高音 Rinko ≧ Kima Classic ≧ LEGATO (出音はLEGATO)
中音 Rinko ≧ Kima Classic ≧ LEGATO (出音はLEGATO)
低音 Rinko ≧ LEGATO ≧ Kima Classic (出音はLEGATO)
ボーカル Kima Classic ≧ Rinko ≧ LEGATO (質感の順)
4. Dunu Kima Classicの総評
Dunu Kima Classicは同社エントリーハイラインのラインナップとなりますが、その音質は真面目に造り込まれており、高音質モデルと云えます。中高音域のクリアで透明感のある空間にボーカルが映える。地に足の着いた低音域がそれを邪魔しないドンシャリの王道でありながら上質さを兼ね備えた音質は価格帯でもトップクラスと云えそうです。
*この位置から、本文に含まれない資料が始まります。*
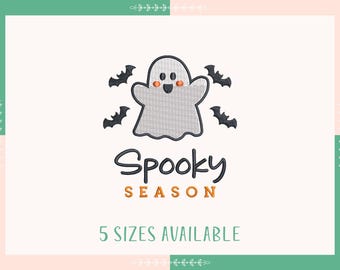 Spooky Season with Bats Embroidery Design, Boo Machine Embroidery Design, Halloween Embroidery, Instant Download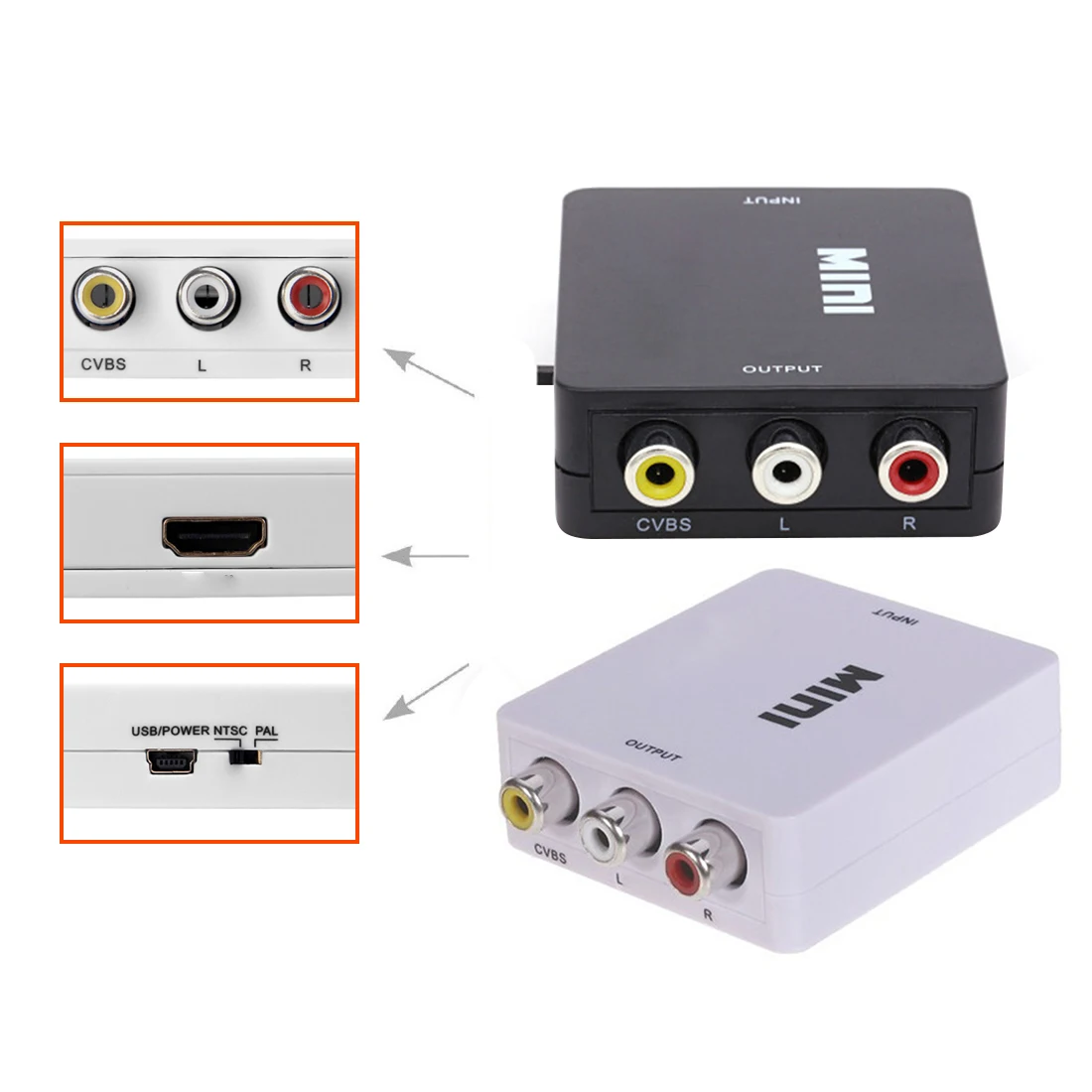 Преобразователь 1080P AV для HDMI-совместимый с RCA AV/CVSB L/R видео адаптер композитный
今回比較したモデルはどれも複数ドライバ機であり、1DDのKima Classicがそれに対し遜色の無い音を奏でる事がそれを証明していると云えます。
一方で低音域を充実させた音造りは一般層には受けが良く海外でも高評価となりそうな音質傾向ではありますが、日本国内のポータブルオーディオファンには高音域中心の解像感重視の音が好まれる傾向があり、評価は分かれそうです。
最後に、今回は今年5月に発売された中価格A10000-U20000帯の中華イヤホンの紹介となりました。現在(2023年5月19日)はHiFiGoで14,000円台で販売し、国内amazonでは本国発送扱いの14,000円台となっていますが今日現在(2023年5月19日)10%offクーポンがありますので気になる方はお早めに。海外通販で購入する場合、HiFiGoの発送は早く届くのも早い印象があります。これまでの中華イヤホンの中では手頃な実売価格でありながら、その音質を含めクオリティは十分満足できる内容となっておりますので、中価格帯中華イヤホンの中で間違いのないものの購入を考えていて少しでも気になる方は安心確実なamazonでの取り扱いを待って。少しでも早く入手したい、新製品を少しでも早く(安く)手に入れたい方はHiFiGoでの購入も検討してみてくださいね。
Kima Classic
以下、付属ケーブル、イヤピ 付属Candy Eartips M、DAC UP5使用
高音★★★★★
中音★★★★★
低音★★★★★
音場★★★★
分離★★★★★
お勧め度★★★★★
※☆0.5、★1.0
Rinko
以下、付属ケーブル、イヤピ Sedna EarFit Short MS、DAC UP5使用
高音★★★★★
中音★★★★☆ (Vo★5)
低音★★★★★
音場★★★★☆
分離★★★★★
お勧め度★★★★★
※☆0.5、★1.0
LEGATO
以下、付属ケーブル、イヤピ 付属白傘 M-、DAC UP5使用
高音★★★★★
中音★★★★☆
低音★★★★★
音場★★★★☆
分離★★★★☆
お勧め度★★★★★
※☆0.5、★1.0
あとがき
今回はいつもの中華イヤホンの中価格帯の新商品レビューをまとめました。日々進化を見せる中華イヤホンにはこれからも非常に楽しみですが、今後は低価格だけではなく、中価格の中華イヤホンも扱っていきます。
また、気になる商品が出ればチェックしていきますのでよろしくお願いいたします。
沼にハマった者の戯言に最後までお付き合いいただきましてありがとうございました。